Shapes of Native Nonfiction: Collected Essays by Contemporary Writers
“For the writers of this anthology, personal essays are political acts. . . . it’s an accessible, engaging book . . .”
Native writers (where “Native” is a shorthand for “Native American” or “Indian” or “Aboriginal” or “Indigeous”: the native peoples of Turtle Island, which is the continent that settlers call “North America”) are a varied group. Native peoples are varied. Forty-six years after the Wounded Knee Incident, Native resurgence is a powerful, multi-generational force.
Shapes of Native Nonfiction explores many of the complexities of Native writing and Native life. Native writing has gone far beyond asserting existence (in opposition to the “Vanishing Indian” myth) or recording heritage. The contributors to this anthology are working authors with a wide range of perspectives and experience. Some were raised in traditional communities. Some grew up in urban areas. Some were “adopted out” as part of an identity-erasing campaign that placed (and still places) Native children with white families.
In this sense, “Native” is anti-monolithic. It isn’t one identity. But that doesn’t mean that the desire for unity isn’t there. Eden Robinson’s magnificent short essay, “Real Romantic,” articulates an ongoing search for connections. She writes of her family, her clan, her nations, and the dates she’s been on, looking for connection, but not too much. (A promising date turns out to be a first cousin. Rats.)
In the spirit of love, she reaches out directly to Native readers searching for their own connections: “And for those of you reading this who were taken out of your communities, who were adopted out, and now find yourself on the outside, we know this awkward dance between longing for connection and being afraid of disappointment or rejection. All the news you hear, all the stories about how broken we are, how damaged—it’s true and it’s not. Yes, we have our troubles. But when you come home, you’ll find us unafraid of your complexity.”

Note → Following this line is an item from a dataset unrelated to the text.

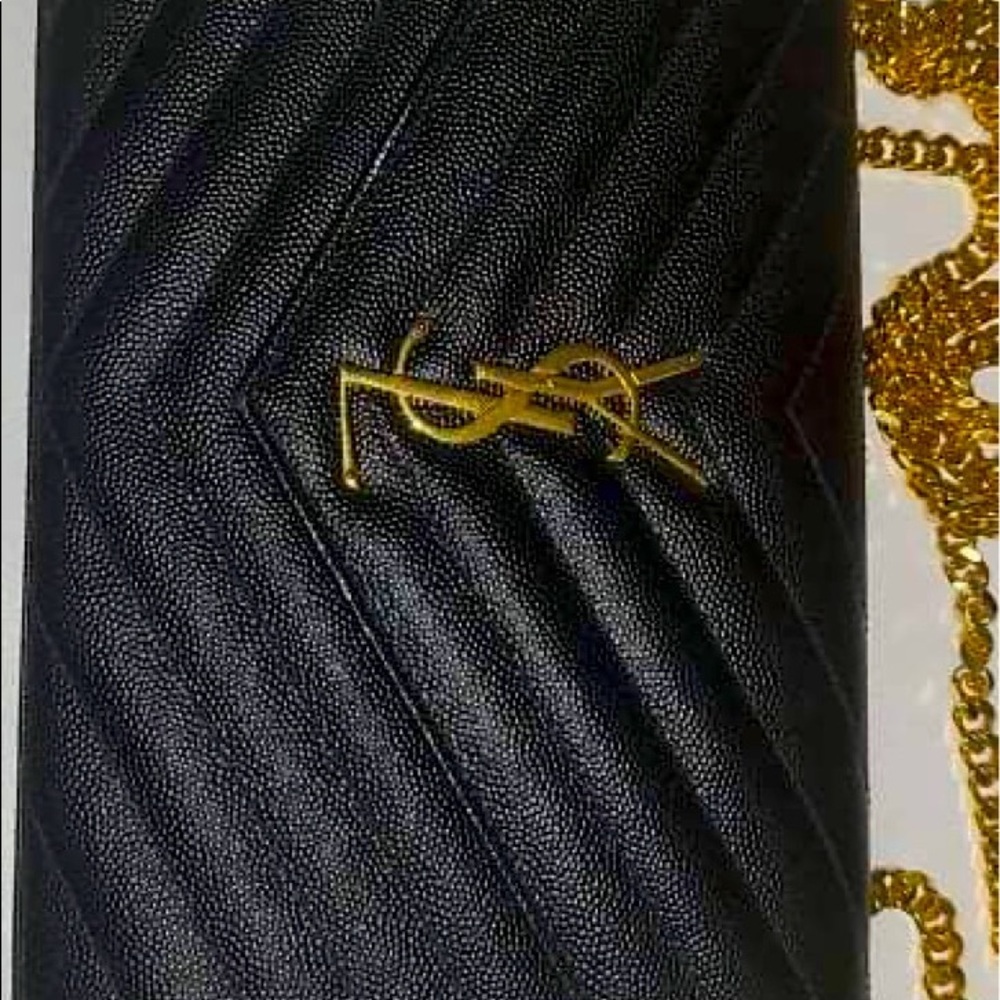 Saint Laurent Envelope Quilted Leather Chain Wallet Gem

That lovely, deeply personal paragraph could serve as an introduction to the book. (The book’s actual introduction is a scholarly essay, fine in its way, but radically removed in tone and practice from the works that follow.) In spite of differences, histories of trauma, and separation, there’s a community, and it’s in constant dialogue.
Shapes of Native Nonfiction brings together work from many of Turtle Island’s most prominent “young” writers (Robinson admits in her essay to being 49, but who’s counting?). This isn’t the first time, though. These are writers who have worked together before. They are anthologized together. They’ve been to parties together. They write back and forth to one another.
The result is a phenomenal energy crackling through powerful, remarkable book. Billy Ray Belcourt’s all-caps meditation on queer/two-spirit Native sexuality and his conflicted attraction to white men explodes with Belcourt’s signature poetry. Toni Jensen’s second-person essay “Women in the Fracklands: On Water, Land, Bodies, and Standing Rock” connects hydraulic fracturing (fracking for natural gas), racialized and gendered violence, land rights, and environmental activism.
“The Personal Is Political” is an old-fashioned slogan, now, but at its root it’s still true: power struggles play out at the level of the body. For the writers of this anthology, personal essays are political acts. Though Shapes of Native Nonfiction is far from a primer on any of the issues it addresses, it’s an accessible, engaging book, both for those who have read widely on the subject and for those seeking a place to begin.